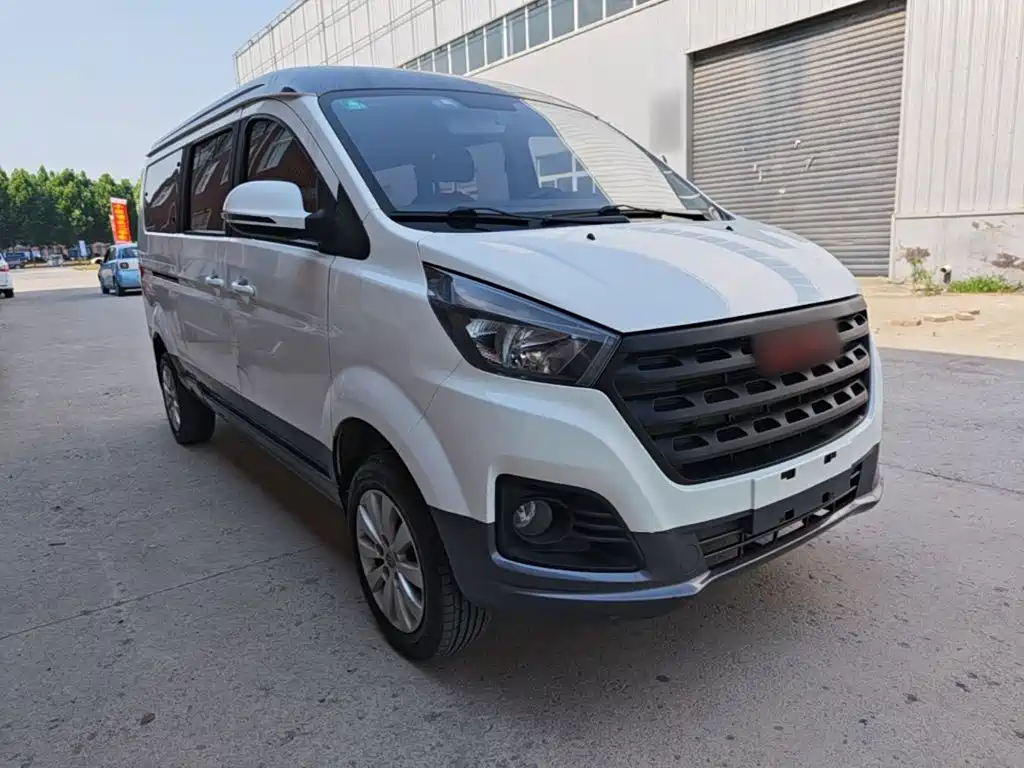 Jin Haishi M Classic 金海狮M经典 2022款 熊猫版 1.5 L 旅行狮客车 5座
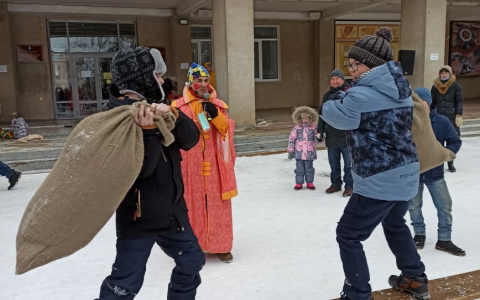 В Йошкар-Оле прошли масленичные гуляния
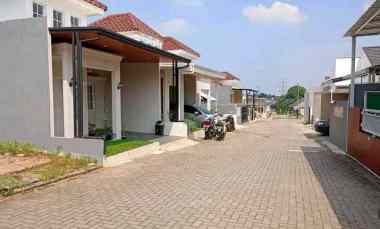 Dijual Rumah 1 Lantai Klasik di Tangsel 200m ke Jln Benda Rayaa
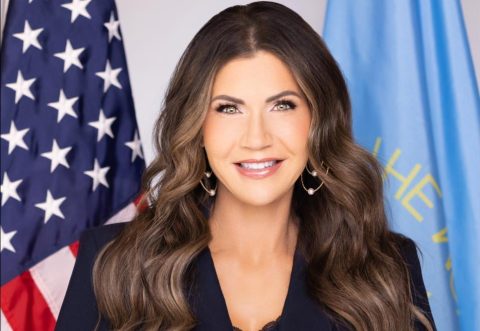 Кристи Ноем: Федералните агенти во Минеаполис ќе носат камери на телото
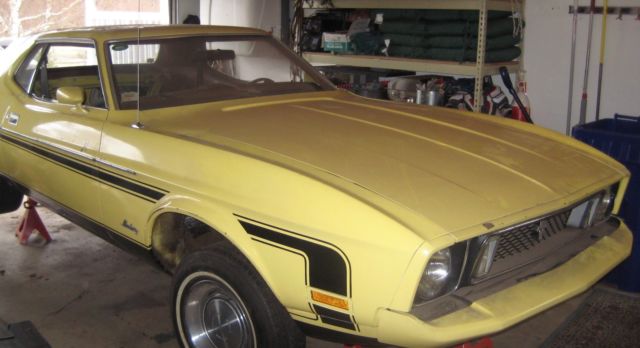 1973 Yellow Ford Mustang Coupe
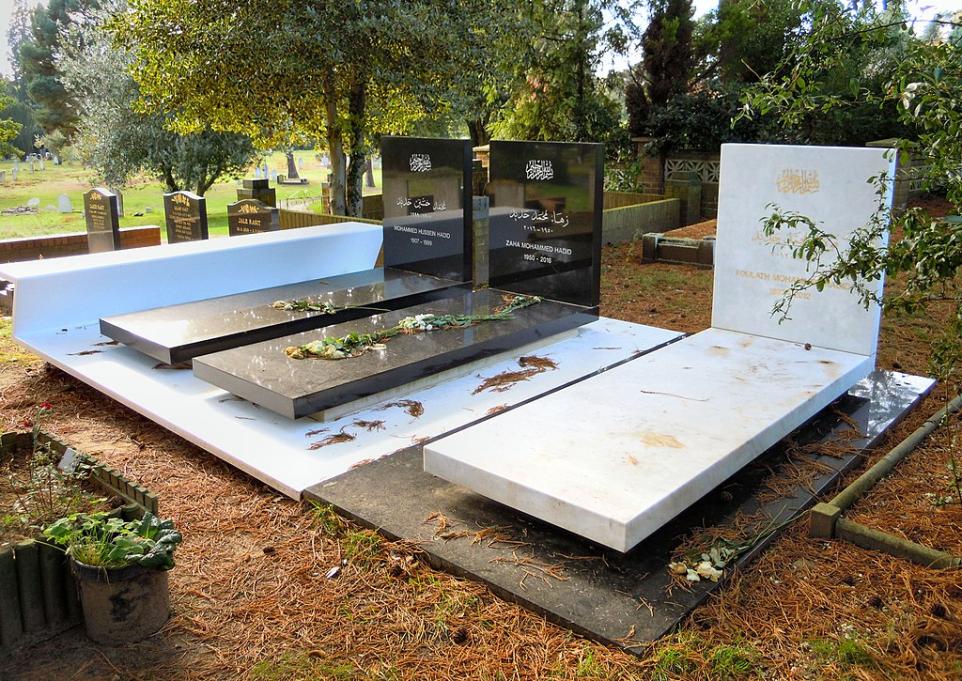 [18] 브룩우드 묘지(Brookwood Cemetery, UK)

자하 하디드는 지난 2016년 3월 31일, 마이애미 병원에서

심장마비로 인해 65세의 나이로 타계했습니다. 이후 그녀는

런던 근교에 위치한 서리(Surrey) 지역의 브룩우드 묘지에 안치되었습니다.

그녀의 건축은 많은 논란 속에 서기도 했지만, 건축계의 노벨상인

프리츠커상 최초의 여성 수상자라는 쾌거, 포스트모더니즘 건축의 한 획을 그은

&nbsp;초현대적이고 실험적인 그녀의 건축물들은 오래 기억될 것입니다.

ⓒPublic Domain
---
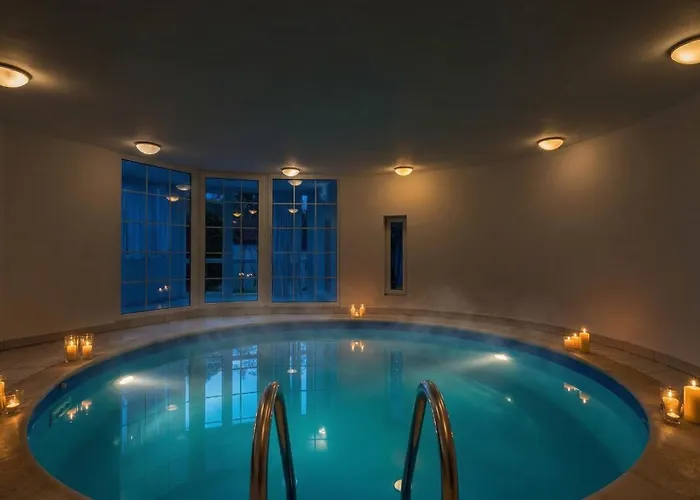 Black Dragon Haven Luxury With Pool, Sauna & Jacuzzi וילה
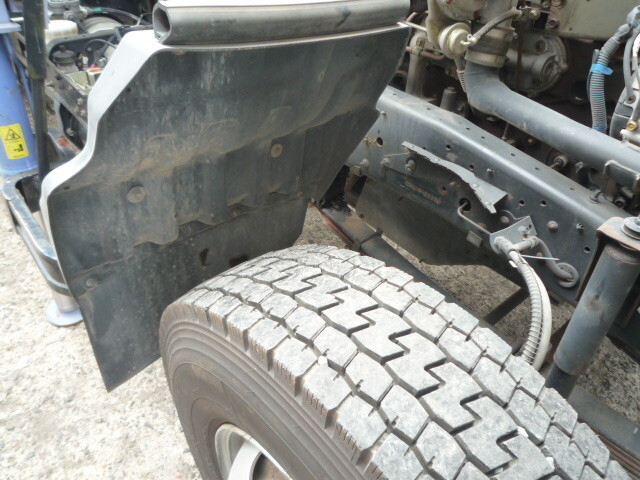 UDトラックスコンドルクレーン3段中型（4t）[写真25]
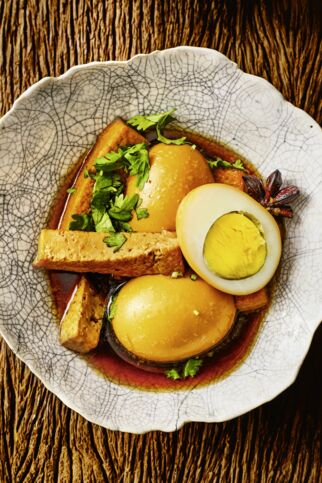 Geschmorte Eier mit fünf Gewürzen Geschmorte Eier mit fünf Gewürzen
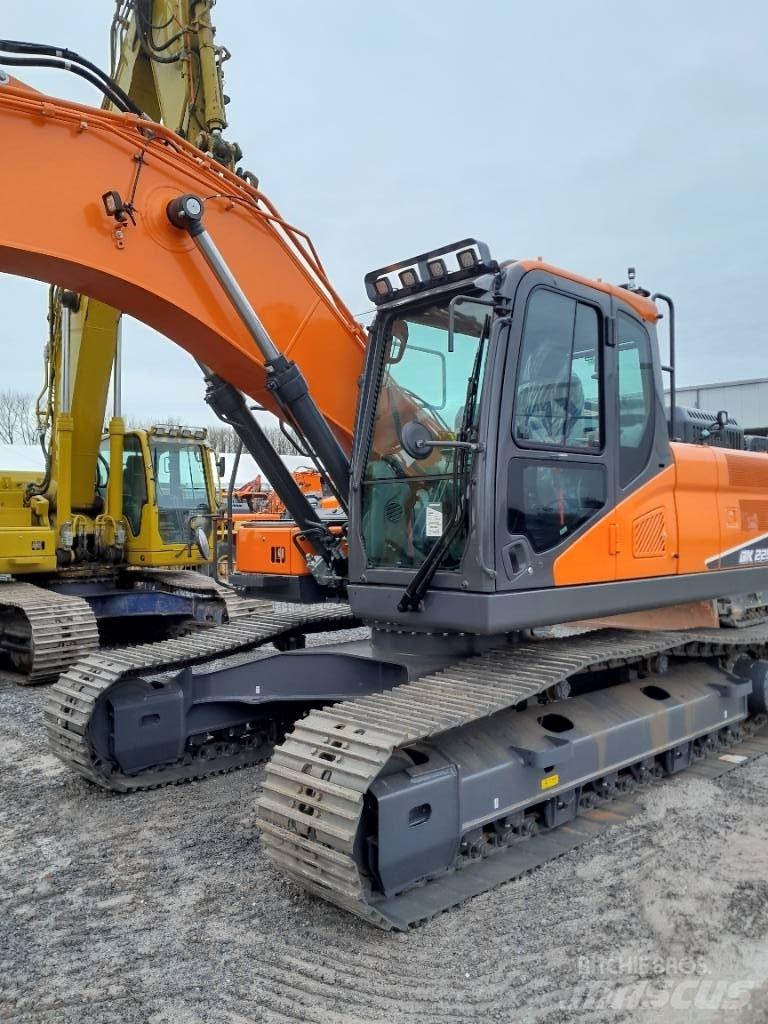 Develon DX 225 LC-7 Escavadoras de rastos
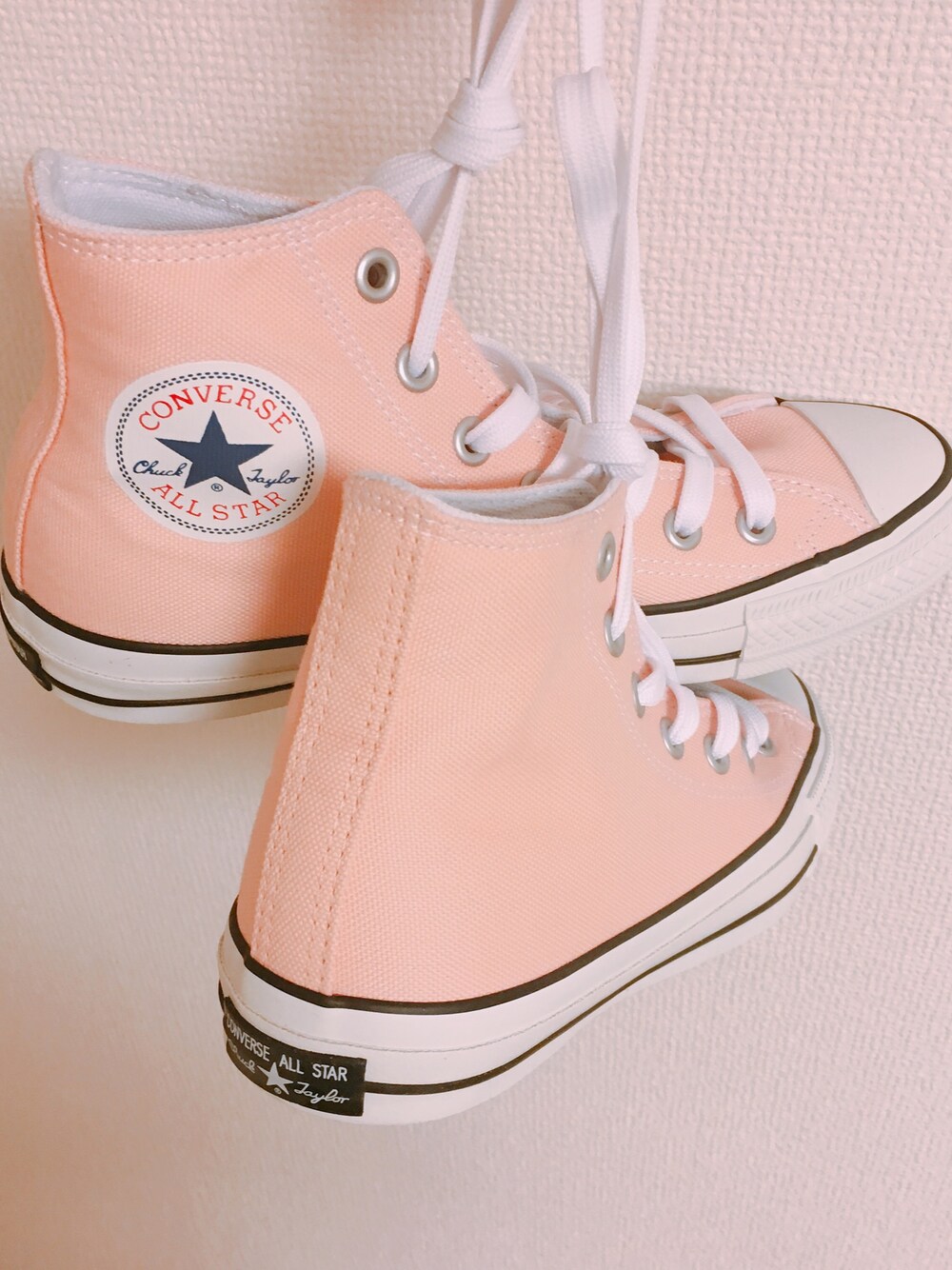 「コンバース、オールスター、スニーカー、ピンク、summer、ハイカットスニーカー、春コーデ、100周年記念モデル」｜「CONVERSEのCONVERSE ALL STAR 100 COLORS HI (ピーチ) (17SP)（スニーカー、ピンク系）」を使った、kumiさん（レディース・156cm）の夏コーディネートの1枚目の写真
...
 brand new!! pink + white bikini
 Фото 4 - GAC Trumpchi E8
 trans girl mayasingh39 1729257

→ WORK REQUIRED
Copy the lines above between the one holding "Develon DX 225 LC-7 Escavadoras de rastos" and the one holding "ALL STAR 100", inclusive. Drop the pictures.

→ ANSWER FOR THIS EXERCISE
 Develon DX 225 LC-7 Escavadoras de rastos
 「コンバース、オールスター、スニーカー、ピンク、summer、ハイカットスニーカー、春コーデ、100周年記念モデル」｜「CONVERSEのCONVERSE ALL STAR 100 COLORS HI (ピーチ) (17SP)（スニーカー、ピンク系）」を使った、kumiさん（レディース・156cm）の夏コーディネートの1枚目の写真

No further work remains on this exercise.